All of the records are to be reproduced exactly.

** Opening EXERCISE MATERIAL block **

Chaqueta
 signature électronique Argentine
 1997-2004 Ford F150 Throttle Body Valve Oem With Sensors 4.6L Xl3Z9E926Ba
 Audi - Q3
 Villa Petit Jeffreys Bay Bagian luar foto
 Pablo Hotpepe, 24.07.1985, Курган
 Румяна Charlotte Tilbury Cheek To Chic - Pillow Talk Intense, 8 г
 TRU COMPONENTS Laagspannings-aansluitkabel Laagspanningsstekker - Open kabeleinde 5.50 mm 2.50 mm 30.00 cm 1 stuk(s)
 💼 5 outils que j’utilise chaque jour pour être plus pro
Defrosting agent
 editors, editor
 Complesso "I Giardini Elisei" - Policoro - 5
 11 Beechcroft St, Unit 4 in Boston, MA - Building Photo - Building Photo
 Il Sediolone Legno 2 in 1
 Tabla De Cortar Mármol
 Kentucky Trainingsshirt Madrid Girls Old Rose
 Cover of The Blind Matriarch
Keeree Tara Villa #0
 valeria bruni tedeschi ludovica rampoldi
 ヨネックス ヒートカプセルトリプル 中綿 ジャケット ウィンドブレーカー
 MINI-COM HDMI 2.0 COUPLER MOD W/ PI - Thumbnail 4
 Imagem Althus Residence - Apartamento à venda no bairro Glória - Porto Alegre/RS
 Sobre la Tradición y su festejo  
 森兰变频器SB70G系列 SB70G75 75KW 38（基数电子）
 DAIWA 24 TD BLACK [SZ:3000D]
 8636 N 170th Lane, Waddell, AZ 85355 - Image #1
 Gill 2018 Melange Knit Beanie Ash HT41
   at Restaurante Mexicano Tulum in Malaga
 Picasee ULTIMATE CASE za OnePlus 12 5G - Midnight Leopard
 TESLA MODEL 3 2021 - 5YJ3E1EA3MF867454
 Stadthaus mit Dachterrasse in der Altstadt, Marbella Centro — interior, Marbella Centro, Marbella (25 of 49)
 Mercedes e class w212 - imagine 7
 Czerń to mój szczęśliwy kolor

** Closing EXERCISE MATERIAL block **

# [EXERCISE RESULT]
Chaqueta
 signature électronique Argentine
 1997-2004 Ford F150 Throttle Body Valve Oem With Sensors 4.6L Xl3Z9E926Ba
 Audi - Q3
 Villa Petit Jeffreys Bay Bagian luar foto
 Pablo Hotpepe, 24.07.1985, Курган
 Румяна Charlotte Tilbury Cheek To Chic - Pillow Talk Intense, 8 г
 TRU COMPONENTS Laagspannings-aansluitkabel Laagspanningsstekker - Open kabeleinde 5.50 mm 2.50 mm 30.00 cm 1 stuk(s)
 💼 5 outils que j’utilise chaque jour pour être plus pro
Defrosting agent
 editors, editor
 Complesso "I Giardini Elisei" - Policoro - 5
 11 Beechcroft St, Unit 4 in Boston, MA - Building Photo - Building Photo
 Il Sediolone Legno 2 in 1
 Tabla De Cortar Mármol
 Kentucky Trainingsshirt Madrid Girls Old Rose
 Cover of The Blind Matriarch
Keeree Tara Villa #0
 valeria bruni tedeschi ludovica rampoldi
 ヨネックス ヒートカプセルトリプル 中綿 ジャケット ウィンドブレーカー
 MINI-COM HDMI 2.0 COUPLER MOD W/ PI - Thumbnail 4
 Imagem Althus Residence - Apartamento à venda no bairro Glória - Porto Alegre/RS
 Sobre la Tradición y su festejo  
 森兰变频器SB70G系列 SB70G75 75KW 38（基数电子）
 DAIWA 24 TD BLACK [SZ:3000D]
 8636 N 170th Lane, Waddell, AZ 85355 - Image #1
 Gill 2018 Melange Knit Beanie Ash HT41
   at Restaurante Mexicano Tulum in Malaga
 Picasee ULTIMATE CASE za OnePlus 12 5G - Midnight Leopard
 TESLA MODEL 3 2021 - 5YJ3E1EA3MF867454
 Stadthaus mit Dachterrasse in der Altstadt, Marbella Centro — interior, Marbella Centro, Marbella (25 of 49)
 Mercedes e class w212 - imagine 7
 Czerń to mój szczęśliwy kolor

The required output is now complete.